May I introduce: Lia Samantha
Designer Interview
My first time in Colombia and I had no expectations regarding there fashion week. None at all! That's probably why I was totally flashed when meeting designer and singer Lia Samantha who invited me to her show the next day. I came a little early to make it backstage and what I saw made me want to rip of those jackets form every single model that was wearing them. Afro prints (my latest addiction) but using bomber jacket cuts, adding a little hip hop flair. I don't even want to start with the accessories. After the show I got to ask Lia a few questions (see the interview below), and more important she sold me one of her stunning designs. Check out which jacket made it into my closet and let me know what you think.
You are a singer and a designer,..., what are you better at?
Both are my great loves, my great passions, but I have to recognise that it's music that has given me everything, including the opportunity to move into other artistic scenes. Although most people know me for my music career and from presenting on TV, it's fashion that has made me most visible.
At what point did you decide to become a designer and why?
It happened empirically and spontaneously, due to my father being a tailor and my grandmother a dressmaker as well as school teacher and singer. After being one of the founders of the first hip hop clothing labels in Colombia and through developing design. When I say that music has given me everything, I refer the fact that I was immersed in the music scene from eleven years old. As a singer, I've always been concerned about what I wear to go on stage. Dressing me has been as important for me as having the song sounding in tune, and I started to detect that 15 years ago, when there was no internet or social webs, that I was a making an impact with my fashion statement within the hip hop community. Many women copied my hairstyles and way of dressing, and after a failed trip to Israel, on the way back to Colombia was when a friend told me that everyone liked how I dressed and why didn't I study fashion design. Having always had sewing and dressmaking around me in my house growing up, I had no idea that there was such a thing as career in fashion design. It seemed like a good idea, so when I got back from the journey I looked for all the fashion schools that I could start at straight away. When I started to study, in my first semester, I knew absolutely nothing about mould making, it was in the second semester in a class studying the history of the suit, when I realised that I had discovered another art that moved me inside, just like music. Fashion design had just become that new love that I could use to express what I feel deep within me.
You use a lot of African prints, why is that so important for you?
The "Lia Samantha" label exists because it my personal taste and style. The prints are very dynamic and I've always felt a connection, and through understanding the history and messages that are printed into the fabrics, I learned what why I'd liked them from the start. When I first saw them I felt a huge impact and drawn in, but I knew that it was more than just the colour. African prints were also a form of communication between my African ancestors.
Where do you get your fabrics from?
When I have the opportunity to travel abroad with my band to Europe, Canada or the States, as well as doing music I'm finding afro populations, where I've discovered the music, crafts, food and fabrics.

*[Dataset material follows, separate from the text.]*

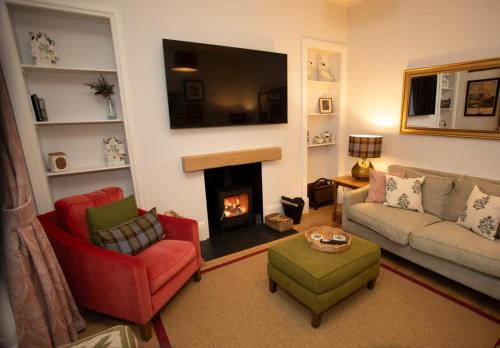 Inverness City Centre Apartment | Harris House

Where do you live now, and where were you born? Or where do you feel your roots lie?
I was born in Bogotá, the capital of Colombia and my parents are from El Chocó, Colombias biggest African settlement, on the Pacific Coast. When you understand that your roots don't belong only to this country you look into yourself to see who you are and where you come from. That's why I feel such a strong connection to Africa and it gives me so much inspiration.
You also have a Raggea Band? How many people, since when?

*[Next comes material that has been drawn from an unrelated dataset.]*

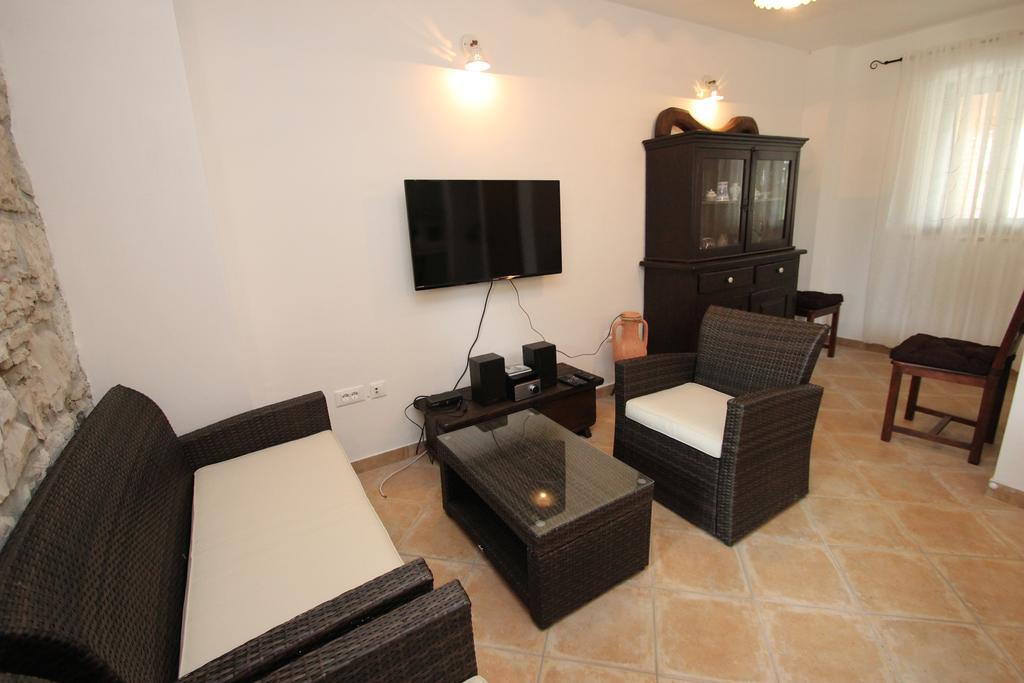 Holiday Home Vinkovic Πόρετς Εξωτερικό φωτογραφία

We're four, and we've been working together for 9 years. It's the strongest and most rooted musical project I've ever known and the ones that has given me the luxury of know some of the biggest festivals in Colombia, Canada, USA South America.
How did you get the idea of becoming a musician?
Rock al Parque 2012 when we played after Cultura Profetica, one of the most inspirational reggae bands from Latin America, and before Black Uhuru, mighty roots sound from Jamaica.
What did you study?
I studied at a religious school led by nuns in 3rd grade primary, when I was 8 years old and I sang in the choir. Later at 11, I founded the church choir in the neighbourhood when I grew up. In that same era, hip hop was becoming popular in the neighbourhoods around there, and then my father arrived from the USA, bringing various music from Run DMC, Public Enemy, KRS1, Fat Boys, all representing the new Afro American music that was giving dignity to a race. Their reality was not so different form mine, and that made me fall in love with their rebel lyrics and those ideals that made part of my growth as a person. As for studying music as such, that's something I've never done, beyond the choir practice in primary school.
Back to Fashion, where do you come up with ideas? What inspires you?
I'm always looking towards Africa and their traditional ways of designing and styling hair. Some of my fashion ideas come from experimenting with and combining my own designs, and some are basic fashion designs that I simply reinterpreted with traditional african prints.